Dowling added, "I haven't really been shocked by anything I've had to draw, but then I'm fairly liberal minded. Not sure what I'll do when Mohammed becomes a regular character, mind. It seems like there's an almighty fight with Proteoman coming which I can't wait to draw. In a way that fight happens almost every issue between Rex and facets of the Proteoman character. It's not a fight that Rex can win with direct force alone though, so like all good fights it'll require a lot of cunning and probably something really devious!"

Still, the artist feels up to the task. In a recent strip that contained flashbacks into a more standard comic book reality, he revealed, "Recently Frankie suggested that certain pages could have a Dan Clowes quality about them. I did some research and Clowes said that it took him seventeen years to learn his inking style. I had one morning to try and figure it out! The storytelling stuff is really interesting. There's non-sequiturs and all sorts in the mix. The overall effect can be quite tricky to get right and there's necessarily a certain amount of disorientation and ambiguity which you don't want confused with bad storytelling!"

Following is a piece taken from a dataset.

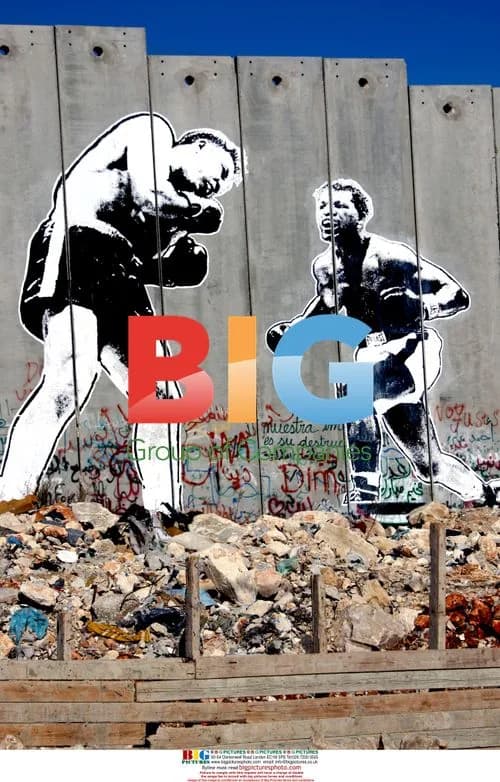 Banksy Paints on West Bank Barrier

"Dowling is my Alan Black," Boyle said. "It is his enthusiasm and support that helps me to eventually submit scripts. He understands it as an emotional comedy, I guess. Very difficult to tell an artist where the humor is supposed to be, I guess you've just got to be on that wavelength. Comics generally do comedy incredibly badly. Those little funny adverts they had in 'The League of Extraordinary Gentlemen' were, in their own way, as bad as anything that's ever happened."

But as for the bad world of Rex Royd, more black comedy and blistering sci-fi is on the way. What's next? "Rex's holographic basketball court where stars of yesteryear play shots they never made and comfort Rex as he weeps at the beauty of it all," Boyle promised.